なにやら兄が走り去っていくのが窓から見えたが、いつものことなので、サラは気にしなかった。そうこうしている内に、昼休みは終わりを告げ、午後は総合学習の時間を使って、今度行われる校外学習の話し合いをすることに決まっていた。
自由な校風なので、行き先の決定から始まる。
だが、誰もしきらない。先生は不在だ。
サラは退屈に思いながら、窓の外を流れる雲を見ていた。
「静粛に!」
すると。
それまであわあわしていた学級委員長の隣に、一人の男子生徒が立った。
クラスメイトの御白敬人だ。
「これじゃあなにも決まらないじゃないか。
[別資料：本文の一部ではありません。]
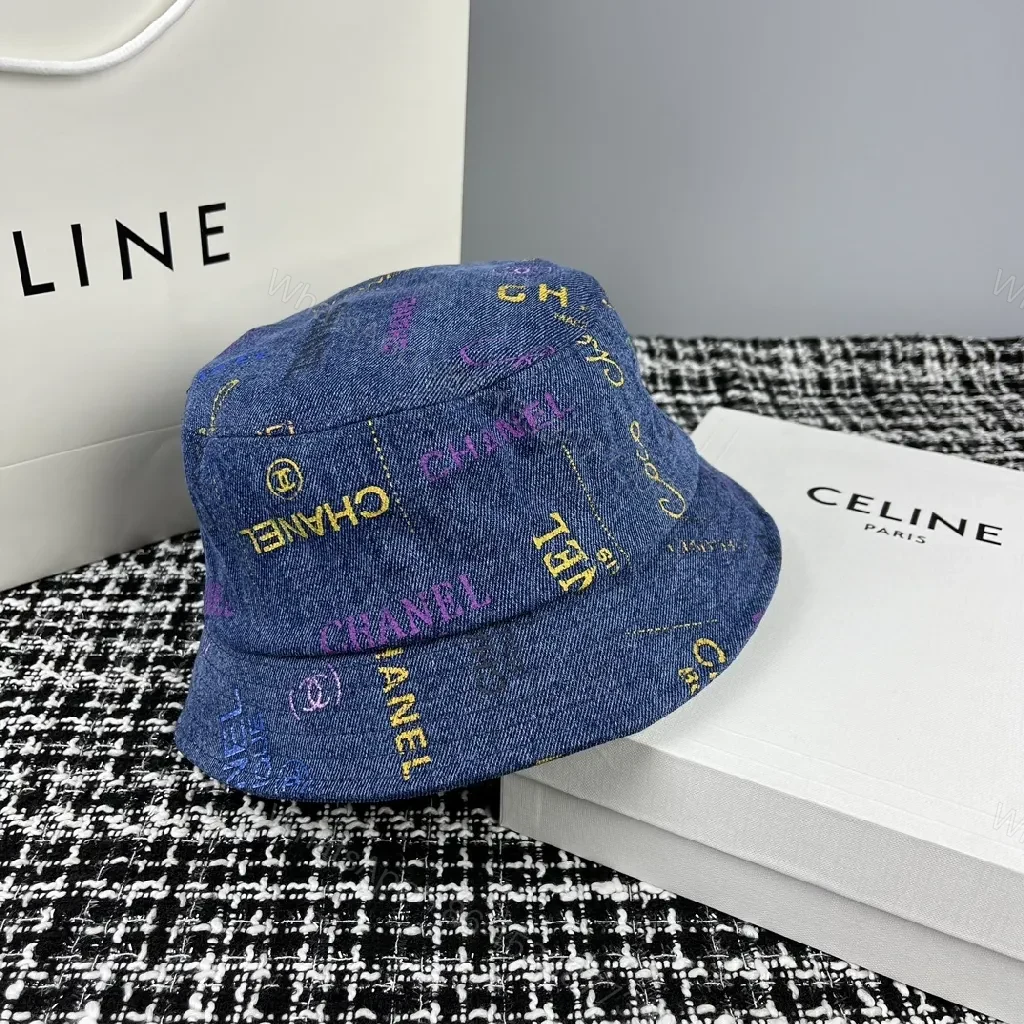 Blue Denim Bucket Hat with Multicolor Logo Print — view 1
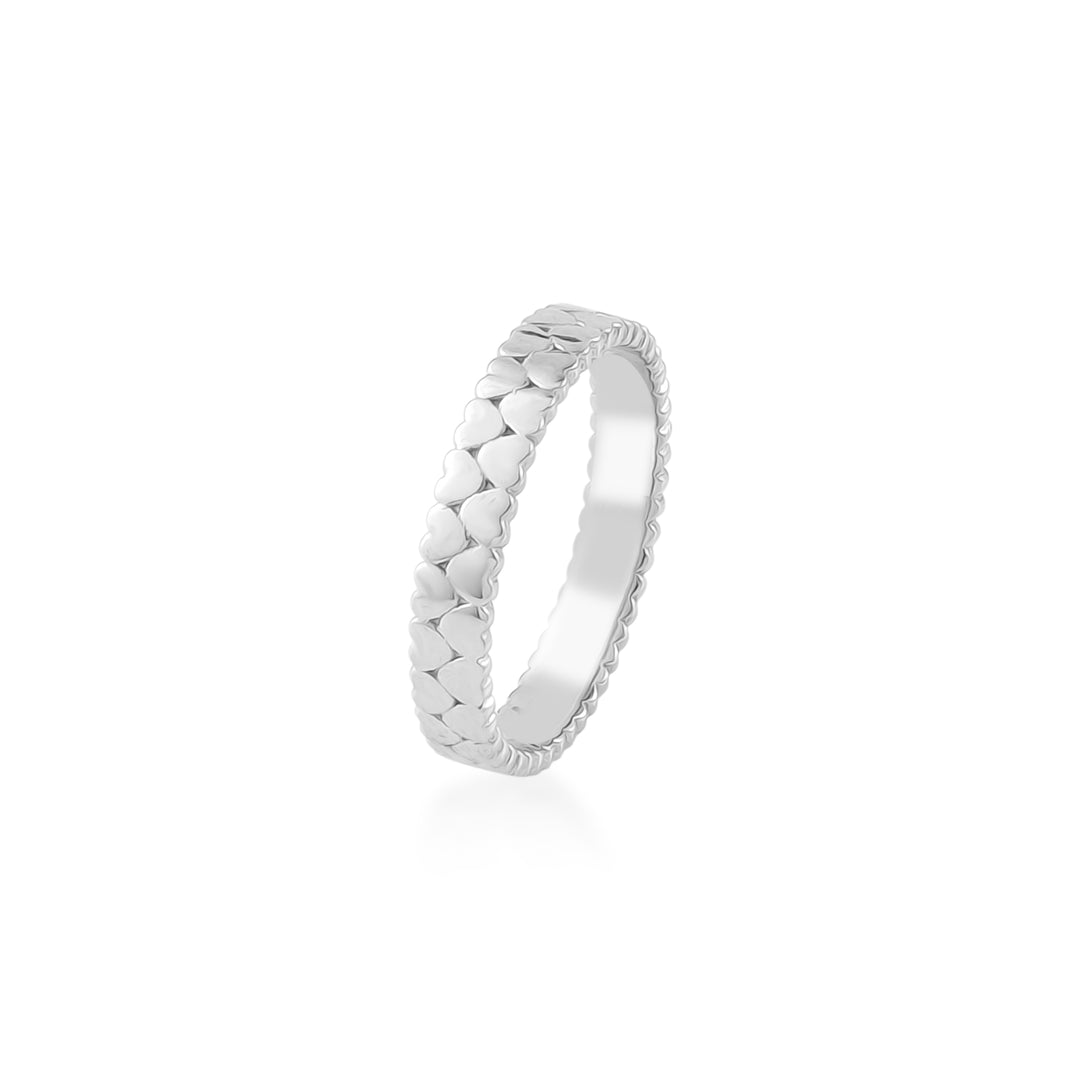 Hearts Band Ring in 925 Silver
委員長、あとはボクに任せて座っているといい」
「あ、ありがとう御白くん……!」
助かったというような顔をして、学級委員長は席に着いた。学級委員長は、このクラスではくじ引きで選ばれた。サラはこれまで絡みのなかった敬人をじっと見る。茶色い髪を七三に分けている。その髪質が艶があるからなのか、それとも顔立ちと雰囲気からなのか、とても華やいだ印象を与えるのが、敬人だった。
「まずは、行き先の決定。校外学習として――」
そこから手際よく敬人が仕切り、行き先・校外学習のテーマ・班などが決定していった。それまで退屈だった総合学習の時間だが、皆も楽しそうにやる気を出し、クラスの空気が一変した。こうして、放課後になるまでの間、話し合いは行われ、時間通りに、この日決めるべき事は全て決まって終了した。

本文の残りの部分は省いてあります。